Work to complete:
Every line from the one containing "POST-IT DURABLE TABS" to the one containing "Super Space Aliens" in the records below, both included, must be set down exactly, and no other line.

(Short descriptive text snippets)
● ● ● ● ● ● ●

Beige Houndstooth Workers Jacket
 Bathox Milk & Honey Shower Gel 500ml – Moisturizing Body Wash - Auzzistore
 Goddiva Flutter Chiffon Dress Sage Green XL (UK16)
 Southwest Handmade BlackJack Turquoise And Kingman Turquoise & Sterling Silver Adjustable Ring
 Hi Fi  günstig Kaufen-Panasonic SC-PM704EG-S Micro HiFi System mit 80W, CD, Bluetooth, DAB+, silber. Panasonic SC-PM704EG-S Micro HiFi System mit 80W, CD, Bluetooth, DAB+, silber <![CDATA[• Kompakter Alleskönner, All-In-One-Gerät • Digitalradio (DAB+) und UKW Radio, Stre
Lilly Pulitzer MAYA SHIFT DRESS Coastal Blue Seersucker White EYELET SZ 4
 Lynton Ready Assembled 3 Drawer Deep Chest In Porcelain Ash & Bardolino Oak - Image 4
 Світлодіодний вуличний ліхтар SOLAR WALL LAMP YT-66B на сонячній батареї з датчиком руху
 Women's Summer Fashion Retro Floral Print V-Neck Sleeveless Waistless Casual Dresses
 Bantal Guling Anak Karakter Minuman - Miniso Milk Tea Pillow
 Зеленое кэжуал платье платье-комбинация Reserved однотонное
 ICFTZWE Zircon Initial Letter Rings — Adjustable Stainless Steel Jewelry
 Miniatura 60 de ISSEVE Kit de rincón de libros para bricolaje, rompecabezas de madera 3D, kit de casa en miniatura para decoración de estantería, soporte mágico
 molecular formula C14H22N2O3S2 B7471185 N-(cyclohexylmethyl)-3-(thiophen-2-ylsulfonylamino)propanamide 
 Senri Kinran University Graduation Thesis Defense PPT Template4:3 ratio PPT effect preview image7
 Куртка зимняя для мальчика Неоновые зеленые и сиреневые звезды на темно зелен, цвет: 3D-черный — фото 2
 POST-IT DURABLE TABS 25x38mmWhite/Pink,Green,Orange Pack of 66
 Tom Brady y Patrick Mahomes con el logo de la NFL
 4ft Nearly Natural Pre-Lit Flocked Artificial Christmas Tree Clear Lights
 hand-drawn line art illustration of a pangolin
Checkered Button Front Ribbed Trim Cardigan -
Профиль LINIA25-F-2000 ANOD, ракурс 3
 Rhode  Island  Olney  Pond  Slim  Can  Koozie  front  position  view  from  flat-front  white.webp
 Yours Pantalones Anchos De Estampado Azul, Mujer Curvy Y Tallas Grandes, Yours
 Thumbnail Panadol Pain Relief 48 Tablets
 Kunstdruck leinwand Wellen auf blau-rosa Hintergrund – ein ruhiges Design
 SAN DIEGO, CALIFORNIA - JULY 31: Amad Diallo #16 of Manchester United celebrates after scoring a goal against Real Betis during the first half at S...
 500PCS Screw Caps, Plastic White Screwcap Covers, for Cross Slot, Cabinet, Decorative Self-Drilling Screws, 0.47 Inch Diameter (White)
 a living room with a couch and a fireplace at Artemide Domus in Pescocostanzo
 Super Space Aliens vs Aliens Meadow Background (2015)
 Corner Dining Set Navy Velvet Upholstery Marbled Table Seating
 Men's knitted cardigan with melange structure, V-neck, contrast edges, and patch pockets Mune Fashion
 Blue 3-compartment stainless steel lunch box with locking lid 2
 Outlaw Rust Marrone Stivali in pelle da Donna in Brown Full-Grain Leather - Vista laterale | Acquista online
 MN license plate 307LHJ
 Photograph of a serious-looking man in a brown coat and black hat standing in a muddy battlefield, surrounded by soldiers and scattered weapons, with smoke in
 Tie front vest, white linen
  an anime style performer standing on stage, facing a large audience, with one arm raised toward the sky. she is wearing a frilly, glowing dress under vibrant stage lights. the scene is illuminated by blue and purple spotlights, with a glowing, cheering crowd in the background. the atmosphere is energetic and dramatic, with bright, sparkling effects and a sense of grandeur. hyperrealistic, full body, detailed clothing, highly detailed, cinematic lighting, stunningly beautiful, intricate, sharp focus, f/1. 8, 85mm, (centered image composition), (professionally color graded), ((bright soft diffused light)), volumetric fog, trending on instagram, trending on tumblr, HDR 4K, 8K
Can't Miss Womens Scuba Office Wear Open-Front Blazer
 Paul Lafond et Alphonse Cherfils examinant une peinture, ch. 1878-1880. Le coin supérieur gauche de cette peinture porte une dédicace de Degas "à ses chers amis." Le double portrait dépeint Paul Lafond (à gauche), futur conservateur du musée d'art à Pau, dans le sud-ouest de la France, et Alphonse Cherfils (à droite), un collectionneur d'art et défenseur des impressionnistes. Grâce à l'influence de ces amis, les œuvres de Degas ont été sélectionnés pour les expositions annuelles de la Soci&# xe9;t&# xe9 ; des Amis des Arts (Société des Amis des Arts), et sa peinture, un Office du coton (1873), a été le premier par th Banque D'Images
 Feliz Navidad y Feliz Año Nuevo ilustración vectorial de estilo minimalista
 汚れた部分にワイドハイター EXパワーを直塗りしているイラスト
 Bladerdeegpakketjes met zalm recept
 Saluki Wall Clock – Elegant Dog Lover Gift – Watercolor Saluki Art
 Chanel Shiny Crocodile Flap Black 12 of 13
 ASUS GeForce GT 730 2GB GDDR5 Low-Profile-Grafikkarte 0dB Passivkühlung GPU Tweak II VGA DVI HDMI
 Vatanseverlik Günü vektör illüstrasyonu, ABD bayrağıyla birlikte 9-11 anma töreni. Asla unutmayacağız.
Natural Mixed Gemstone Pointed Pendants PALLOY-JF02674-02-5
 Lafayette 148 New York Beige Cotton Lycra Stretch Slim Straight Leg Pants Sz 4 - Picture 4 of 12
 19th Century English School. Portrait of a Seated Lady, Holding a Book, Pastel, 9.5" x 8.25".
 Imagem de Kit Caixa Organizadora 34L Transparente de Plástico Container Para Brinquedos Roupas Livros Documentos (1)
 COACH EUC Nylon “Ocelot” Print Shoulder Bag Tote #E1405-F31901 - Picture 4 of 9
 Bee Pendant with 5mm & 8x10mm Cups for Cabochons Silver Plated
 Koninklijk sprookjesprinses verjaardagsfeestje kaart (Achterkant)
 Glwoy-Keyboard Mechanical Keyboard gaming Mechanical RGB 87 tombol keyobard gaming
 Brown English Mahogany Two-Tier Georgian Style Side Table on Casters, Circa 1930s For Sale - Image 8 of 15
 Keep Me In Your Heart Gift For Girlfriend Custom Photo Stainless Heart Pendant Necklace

● ● ● ● ● ● ●

Finished exercise:
 POST-IT DURABLE TABS 25x38mmWhite/Pink,Green,Orange Pack of 66
 Tom Brady y Patrick Mahomes con el logo de la NFL
 4ft Nearly Natural Pre-Lit Flocked Artificial Christmas Tree Clear Lights
 hand-drawn line art illustration of a pangolin
Checkered Button Front Ribbed Trim Cardigan -
Профиль LINIA25-F-2000 ANOD, ракурс 3
 Rhode  Island  Olney  Pond  Slim  Can  Koozie  front  position  view  from  flat-front  white.webp
 Yours Pantalones Anchos De Estampado Azul, Mujer Curvy Y Tallas Grandes, Yours
 Thumbnail Panadol Pain Relief 48 Tablets
 Kunstdruck leinwand Wellen auf blau-rosa Hintergrund – ein ruhiges Design
 SAN DIEGO, CALIFORNIA - JULY 31: Amad Diallo #16 of Manchester United celebrates after scoring a goal against Real Betis during the first half at S...
 500PCS Screw Caps, Plastic White Screwcap Covers, for Cross Slot, Cabinet, Decorative Self-Drilling Screws, 0.47 Inch Diameter (White)
 a living room with a couch and a fireplace at Artemide Domus in Pescocostanzo
 Super Space Aliens vs Aliens Meadow Background (2015)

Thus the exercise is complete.